=== Begin Enclosure ===

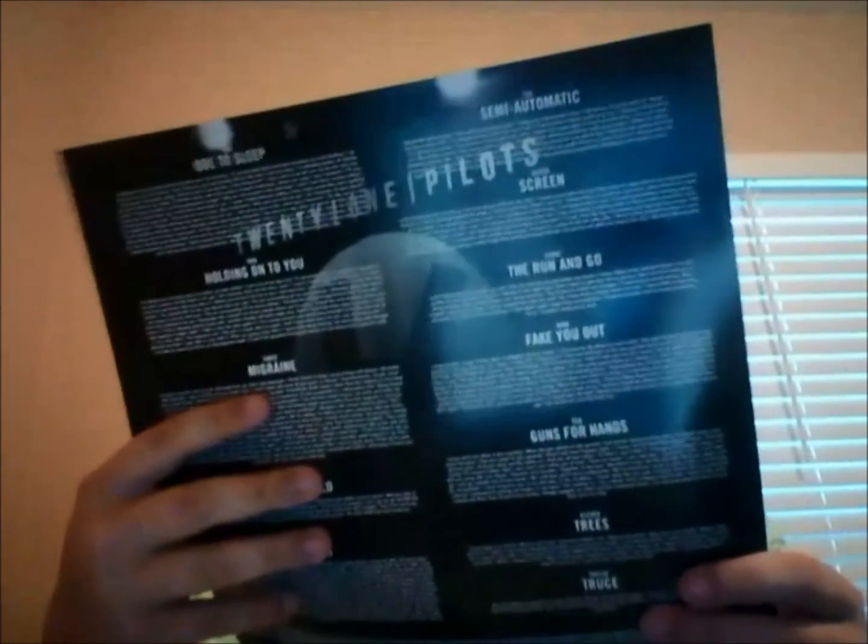Here we have a big sheet with all the lyrics, some pictures of the guys, the thank you notes down here, and there are just pictures spread across. We've got the Helix logo, and that's pretty cool. There are even some pictures on here that weren't in the CD edition of Vessel, which I like even better.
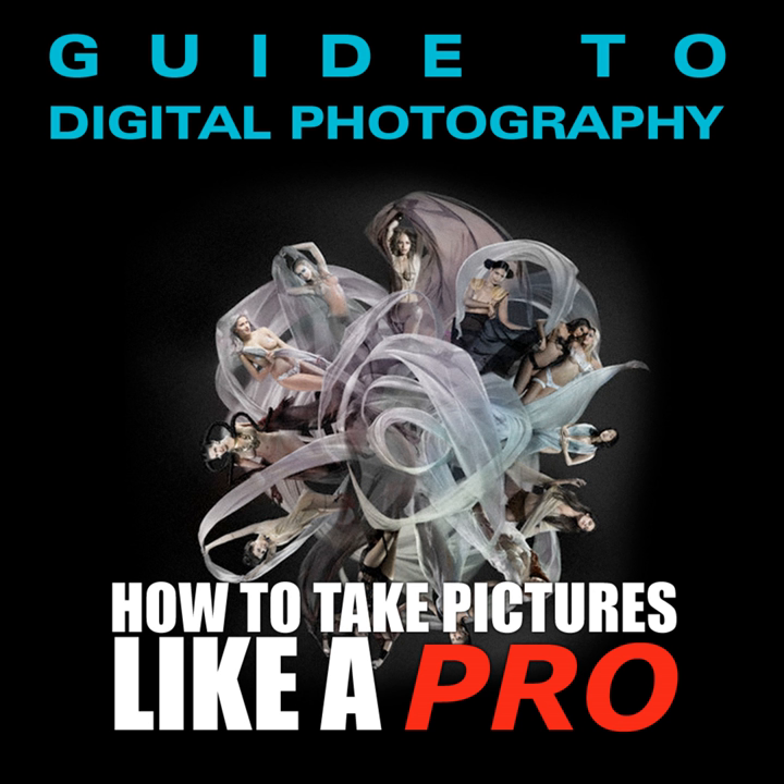Disadvantages of buying online include: you won't be able to hold the camera before purchase, you must wait for delivery, the camera may be gray market, the product may not be in stock requiring back ordering, there may be high shipping and insurance charges, the company's customer service may be poor, returning the camera can be a hassle, it can be difficult to verify the reliability of a merchant, and there's a greater risk of being cheated if not dealing with a well-established merchant. Just be safe when buying — you don't want to make a huge investment only to be taken for a ride.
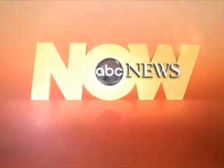Thank you very much for sharing that with us. Really appreciate having you on. ABC News Now.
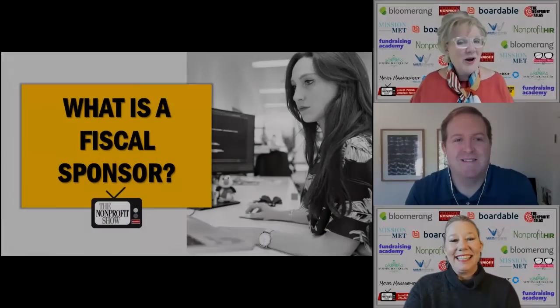Fiscal Sponsorship. Question number one: what the heck is it?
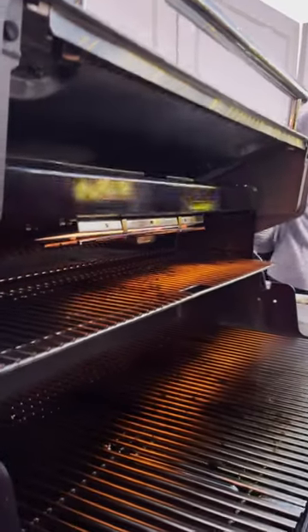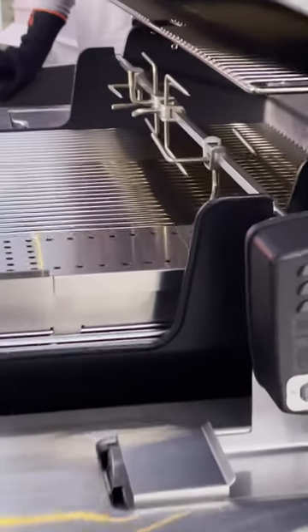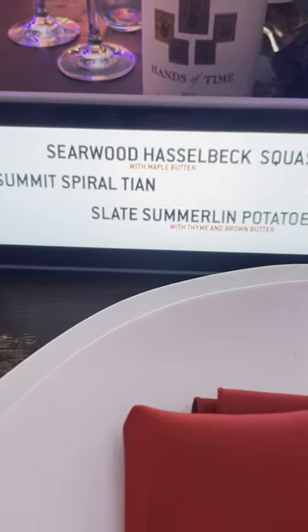The star feature on Weber's new souped-up Summit is a blazing infrared broiler, which can be lowered to add a quick sear to steak or salmon fillets without losing through the grates. It's the first infrared broiler we've seen on a grill. It's gonna be a good summer, y'all.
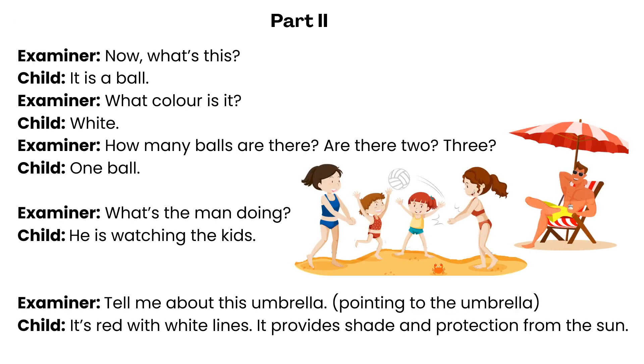Part 2. Now, what's this? It is a ball. What colour is it? White. How many balls are there? Are there two? Three? One ball.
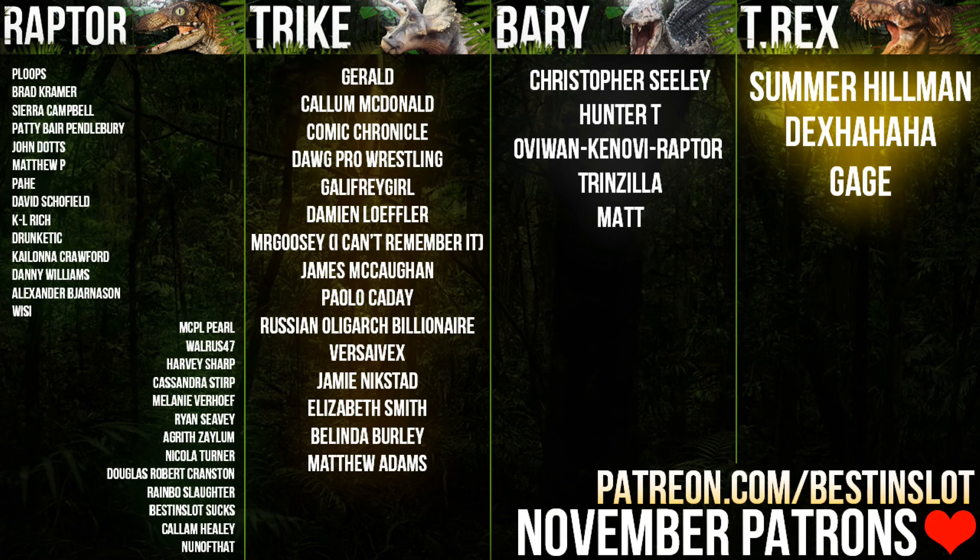Thanks for watching. If you enjoyed this video and want to help support me a little bit more, you can do so at Patreon.com/BestinSlot — there's a link in the description down below. Every little really does help, but it's not at all expected. By just watching the video you've already helped me out massively, and it makes you a pretty cool person. So well done you. Thanks for joining me either way — I'll see you next time.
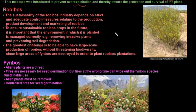Next is rooibos — rooibos tea that you like to drink comes from a bush. The sustainability of the rooibos industry depends on strict and adequate control measures relating to its production. To ensure sustainable rooibos crops in the future, it is important that the environment in which it is planted is managed correctly by removing invasive plants. The greatest challenge is to have large-scale production of rooibos without threatening biodiversity.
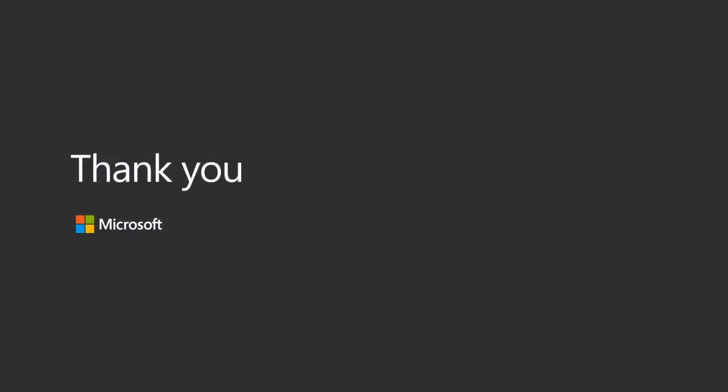Thank you for attending this webcast. We hope it has helped you learn more about what Microsoft 365 Business can do for your business. If you'd like to speak to a representative on purchasing options or learn more, please visit aka.ms/smbm365. Thank you.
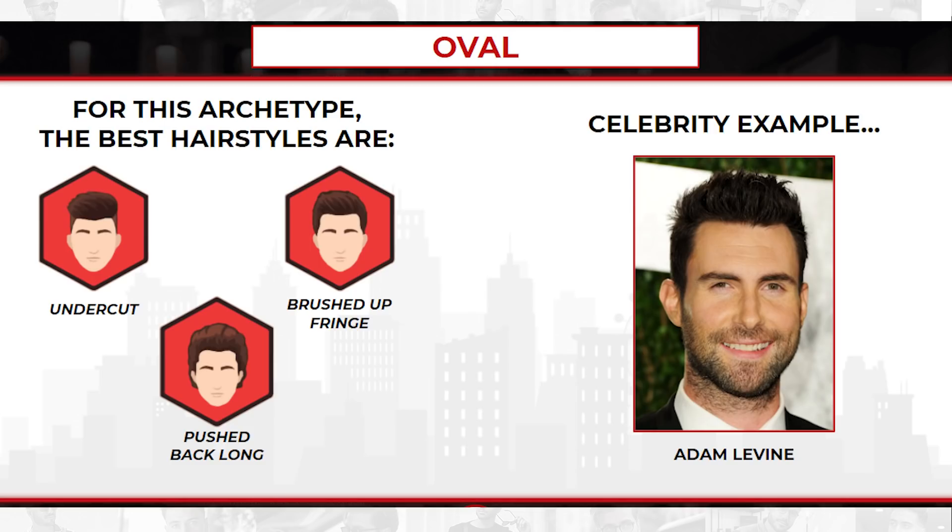Let me just get this out of the way — there's no bad face shape. No matter what you find out, there are hairstyles that will suit you really well. For example, if you have an oval face shape, you might want to try an undercut, a brushed up fringe, or longer hair pushed back. But I have a very square face shape, so you can clearly see that one hairstyle does not look as good on me as another because of my face shape. Keep your eyes peeled and hit that subscribe button below because the long face shape and hairstyle video is coming very, very soon.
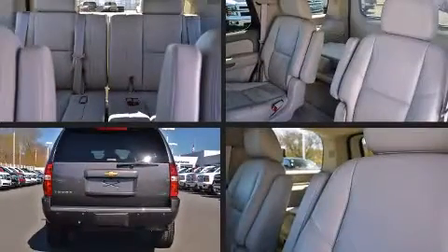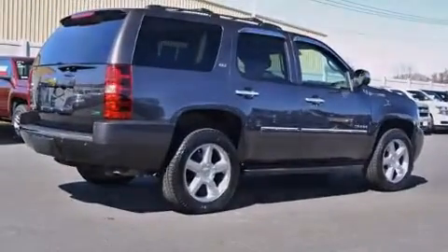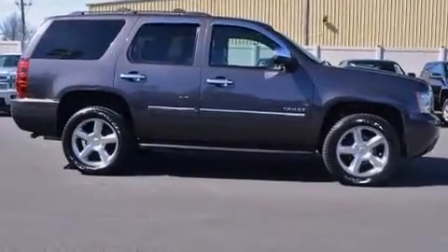Power-adjustable pedals allow the driver to optimize his or her driving position, enhancing visibility, comfort, and safety. Third-row seats provide an even greater maximum passenger capacity.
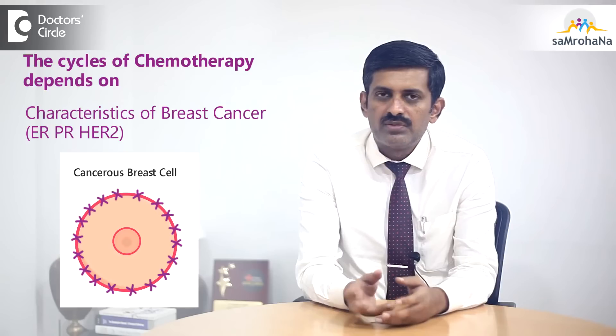Ultimately, what chemotherapy we give, how many cycles we give, what drug we give — it basically depends on the characteristics of the breast cancer, which includes so many characteristics like ER, PR, and HER2.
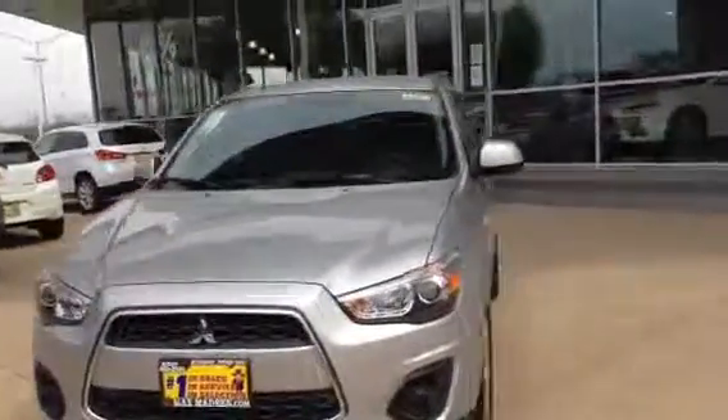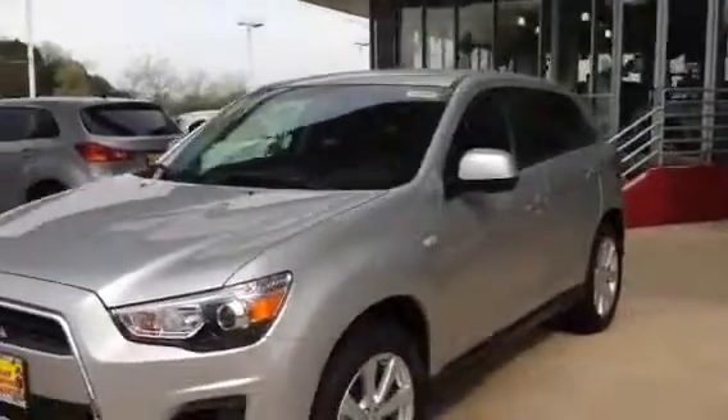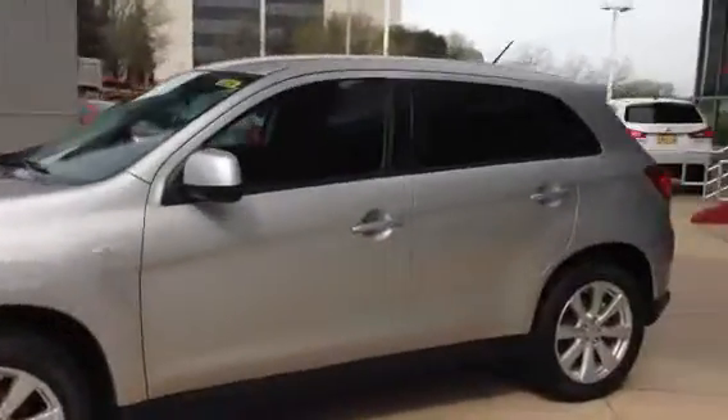Hi, this is Bridget over at Max Mattson Mitsubishi. Just wanted to do a little quick video here for you of the 2015 Outlander Sport.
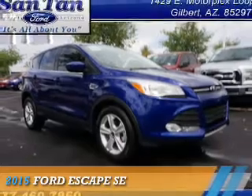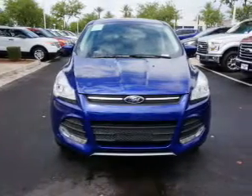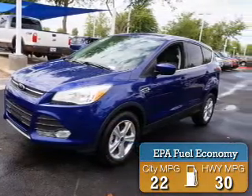Presenting the 2015 Ford Escape. It's powered by front-wheel drive and a 2.5-liter four-cylinder engine. Great fuel efficiency saves you money by requiring fewer trips to the gas station.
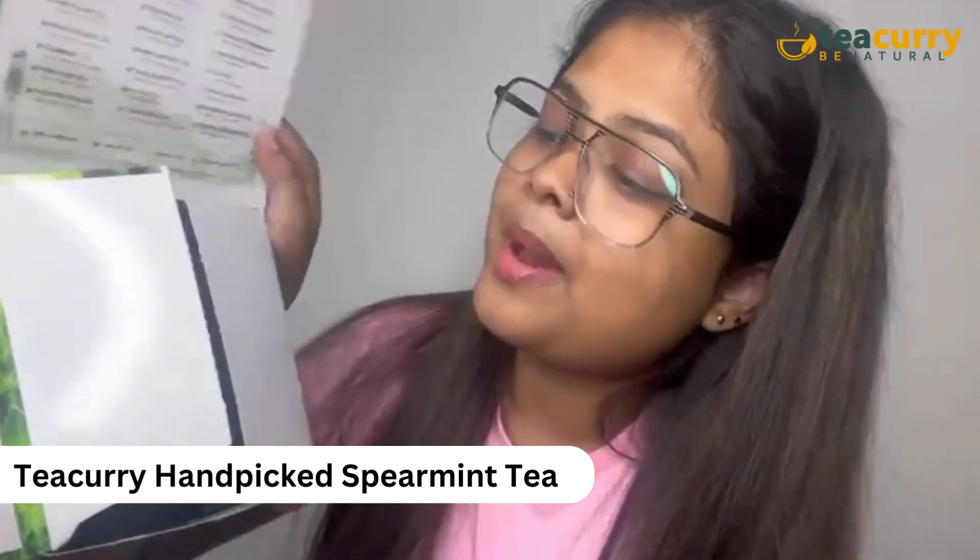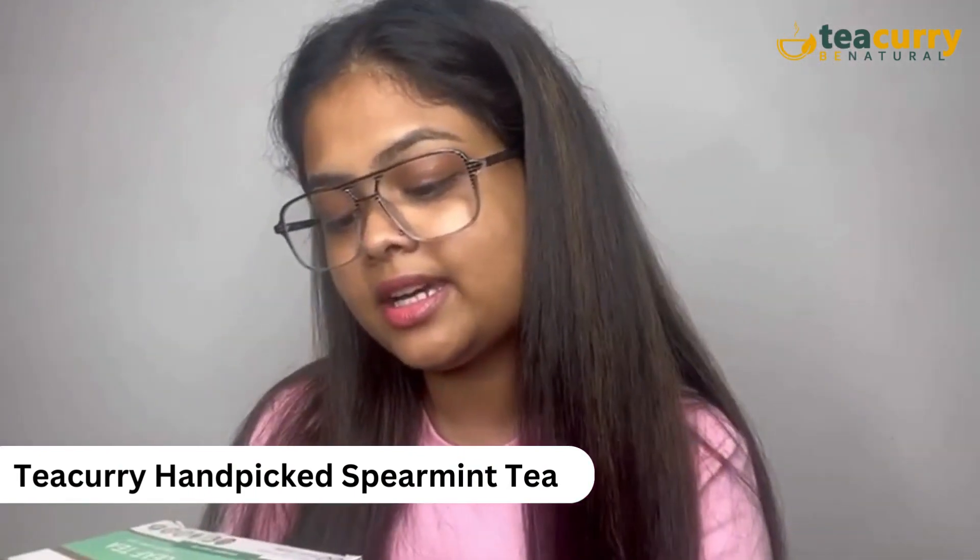Hi everyone, welcome to my channel. My name is Mansi and in today's video I'm going to share about a very special tea which is tea by Tea Curry. This is the pack and it contains 30 tea bags.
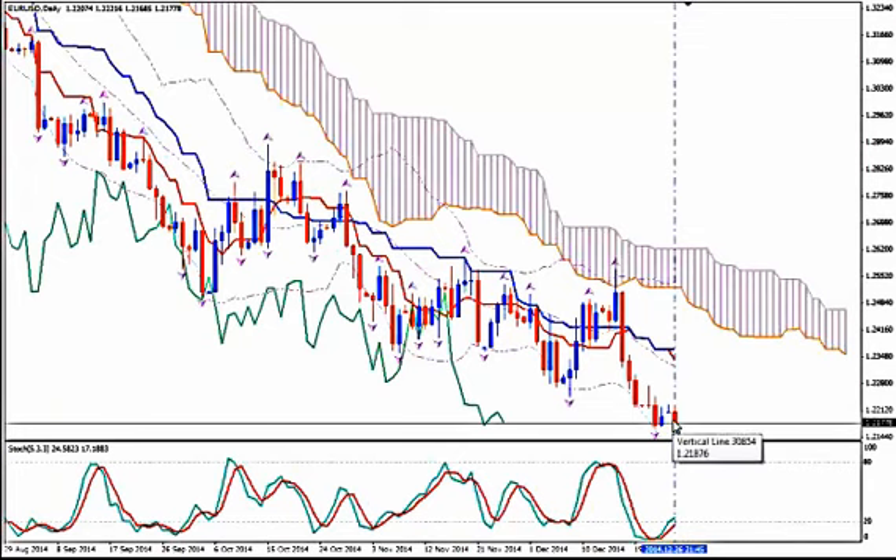That tells us that taking a short trade — selling — is out of the question for now. If we want to ride the downtrend we should wait for a correction at least up to the level of the median Bollinger Band on the daily, if not higher. So we don't even think of taking a short trade when the price is where it is.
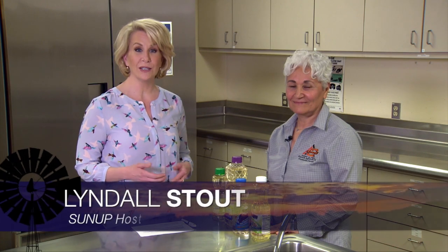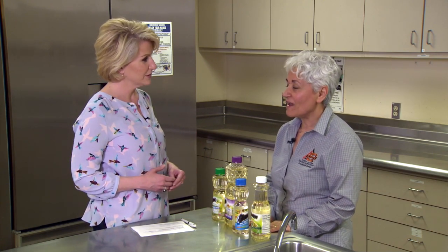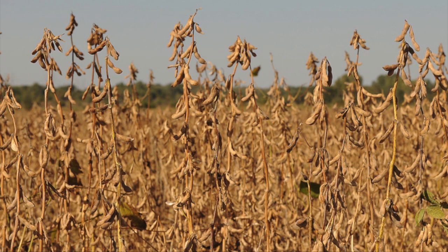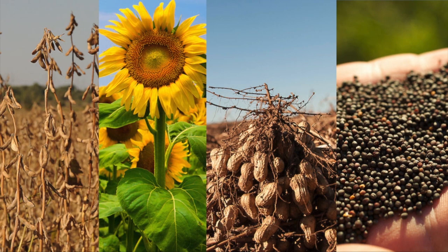We're talking about vegetable oils today with Nurhan Dunford, our oil and oil seed chemist here at the Food and Ag Product Center. The big question is — what vegetables actually go into vegetable oil? Actually, any oil that is extracted or recovered from a plant can be called or labeled as vegetable oil. In general, vegetable or plant seeds are used to extract oils. Most common oils used for cooking are soybeans, canola seeds, sunflower seeds, peanuts, and safflower.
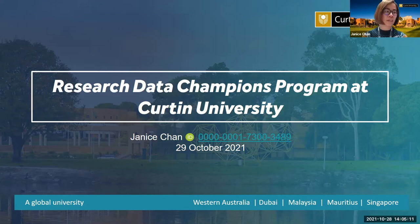Thank you, David, for inviting me to talk to you today about the Data Champions program at Curtin University.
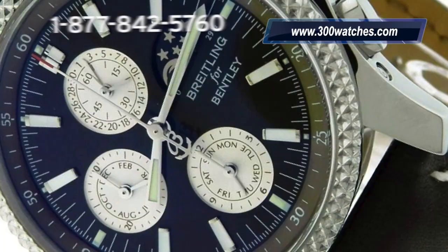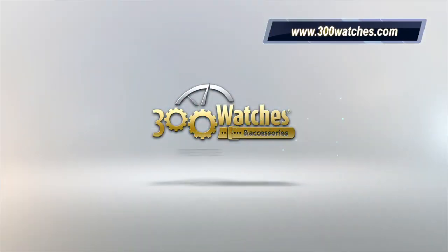Buy it now at www.300watches.com. Prestige for a small price.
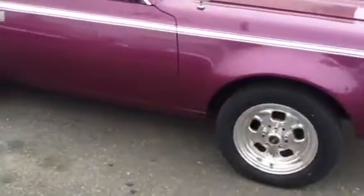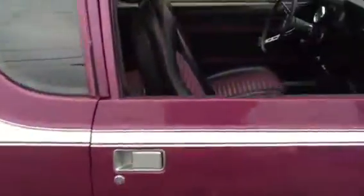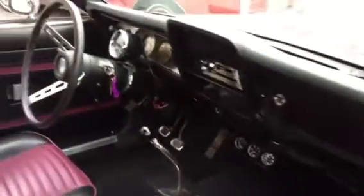Got Weld wheels — beautiful. Look at the drag tires on it. It's a street car but she really, really rips. Look at the inside — all custom done. Beautiful car, in and out.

=== End Enclosure ===

### Work instruction
In the material above, which lines fall between the one holding "Hi everyone, welcome" and the one holding "Buy it now at", inclusive? Print exactly those, with the pictures left out.

### Solution for this task
Hi everyone, welcome to my channel. My name is Mansi and in today's video I'm going to share about a very special tea which is tea by Tea Curry. This is the pack and it contains 30 tea bags.
That tells us that taking a short trade — selling — is out of the question for now. If we want to ride the downtrend we should wait for a correction at least up to the level of the median Bollinger Band on the daily, if not higher. So we don't even think of taking a short trade when the price is where it is.
We're talking about vegetable oils today with Nurhan Dunford, our oil and oil seed chemist here at the Food and Ag Product Center. The big question is — what vegetables actually go into vegetable oil? Actually, any oil that is extracted or recovered from a plant can be called or labeled as vegetable oil. In general, vegetable or plant seeds are used to extract oils. Most common oils used for cooking are soybeans, canola seeds, sunflower seeds, peanuts, and safflower.
Thank you, David, for inviting me to talk to you today about the Data Champions program at Curtin University.
Buy it now at www.300watches.com. Prestige for a small price.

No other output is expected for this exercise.